Eli Yablonovitch of UC, Berkeley is scheduled to give a keynote talk on high-efficiency solar cells in a conference on optical and electronic cooling of solids, and SPIE Fellow Alan Willner of University of Southern California is set to deliver a Wednesday keynote on high-capacity optical communications using multiplexing of multiple orbital-angular momentum beams in the complex light and optical forces conference.

SPIE member Lionel Kimerling of MIT, who heads a program in education and workforce development for the American Institute for Manufacturing Integrated Photonics (AIM Photonics), is giving a keynote on mid-IR silicon photonics sensor platforms in a conference on optoelectronic integrated circuits.

Chairs for the OPTO symposium are SPIE Fellow Shibin Jiang of AdValue Photonics (USA) and Jean-Emmanuel Broquin of Institut de Microélectronique Électromagnétisme Photonique/Lab. d’Hyperfréquence et Caractérisation (IMEP-LAHC) in France. Connie J. Chang-Hasnain of UC, Berkeley and SPIE Fellow Graham T. Reed of University of Southampton (UK) are symposium cochairs.

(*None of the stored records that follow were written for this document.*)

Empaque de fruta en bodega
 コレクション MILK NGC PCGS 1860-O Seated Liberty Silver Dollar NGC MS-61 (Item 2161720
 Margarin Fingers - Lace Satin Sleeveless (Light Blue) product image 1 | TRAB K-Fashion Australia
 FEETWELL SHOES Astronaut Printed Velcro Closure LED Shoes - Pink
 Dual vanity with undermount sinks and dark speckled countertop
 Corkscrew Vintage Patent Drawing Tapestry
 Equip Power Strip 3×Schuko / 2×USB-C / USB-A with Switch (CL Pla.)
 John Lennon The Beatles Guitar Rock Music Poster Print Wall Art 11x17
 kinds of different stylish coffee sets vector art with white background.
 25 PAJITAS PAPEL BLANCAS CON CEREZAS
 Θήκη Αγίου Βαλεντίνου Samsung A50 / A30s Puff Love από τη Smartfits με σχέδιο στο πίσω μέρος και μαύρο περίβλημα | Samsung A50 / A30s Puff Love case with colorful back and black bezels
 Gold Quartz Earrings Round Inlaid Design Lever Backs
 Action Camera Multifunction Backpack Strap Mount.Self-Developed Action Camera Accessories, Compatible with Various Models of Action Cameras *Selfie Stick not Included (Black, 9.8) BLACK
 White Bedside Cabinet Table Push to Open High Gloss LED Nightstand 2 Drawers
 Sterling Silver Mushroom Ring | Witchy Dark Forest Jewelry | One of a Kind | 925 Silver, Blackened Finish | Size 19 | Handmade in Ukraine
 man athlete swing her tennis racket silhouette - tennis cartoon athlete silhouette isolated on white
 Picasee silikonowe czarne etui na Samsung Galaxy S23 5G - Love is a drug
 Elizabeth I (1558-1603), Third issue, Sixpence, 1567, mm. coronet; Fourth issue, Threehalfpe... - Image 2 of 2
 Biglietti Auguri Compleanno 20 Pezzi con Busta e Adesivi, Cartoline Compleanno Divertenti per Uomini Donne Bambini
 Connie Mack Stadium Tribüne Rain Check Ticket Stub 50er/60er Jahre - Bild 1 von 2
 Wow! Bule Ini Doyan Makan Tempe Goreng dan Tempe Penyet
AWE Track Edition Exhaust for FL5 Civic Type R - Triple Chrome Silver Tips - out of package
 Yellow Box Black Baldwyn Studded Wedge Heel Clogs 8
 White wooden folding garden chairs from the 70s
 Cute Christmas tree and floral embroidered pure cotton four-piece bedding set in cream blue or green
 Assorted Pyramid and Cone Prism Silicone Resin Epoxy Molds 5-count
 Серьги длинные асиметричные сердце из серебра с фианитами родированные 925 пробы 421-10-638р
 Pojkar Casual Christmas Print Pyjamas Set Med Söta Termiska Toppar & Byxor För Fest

BIOS PROBES THE NANO WORLD

image for BiOS at Photonics West Program tracks at BiOS are biomedical spectroscopy, microscopy, and imaging; clinical technologies and systems; nano/biophotonics; neurophotonics, neurosurgery, and optogenetics; photonic therapeutics and diagnostics; and tissue optics, laser-tissue interaction, and tissue engineering.

The nano/biophotonics track will have a plenary session on Tuesday morning, with Michael J. Sailor of UC, San Diego (USA), giving a talk on the chemistry and photochemistry of luminescent porous silicon.

Eight speakers for the popular Hot Topics session on Saturday night will follow the presentation of the 2017 SPIE Britton Chance Biomedical Optics Award to molecular imaging pioneer Christopher Contag, professor emeritus of Stanford University (USA) and founding director of a new biomedical research institute at Michigan State University (USA) (See page 8).

Speakers and their “Hot Topics” are

  • Robert Alfano, professor at City College of New York/City University of New York (USA); noninvasive optical biopsy
  • SPIE Fellow Zhongping Chen of UC, Irvine (USA); functional optical coherence tomography (OCT)
  • SPIE Fellow Alberto Diaspro of Istituto Italiano di Tecnologia (Italy); developments and techniques with the “Extra Microscope”
  • Emilia Entcheva of George Washington University (USA); cardiac optogenetics
  • Enrico Gratton of UC, Irvine (USA); fluorescence spectroscopy and microscopy to image live cells
  • Hideaki Koizumi of Hitachi (Japan); instrumentation and applications for optical topography (functional NIRS)
  • SPIE member Richard Levenson of UC, Davis Medical Center (USA); UV surface excitation for slide-free tissue microscopy
  • Lev T. Perelman of Beth Israel Deaconess Medical Center and Harvard University (USA); biomedical imaging and spectroscopy with scattered light

Symposium chairs for BiOS are SPIE Fellows James Fujimoto of MIT and R. Rox Anderson of the Wellman Center, Massachusetts General Hospital, and Harvard Medical School (USA).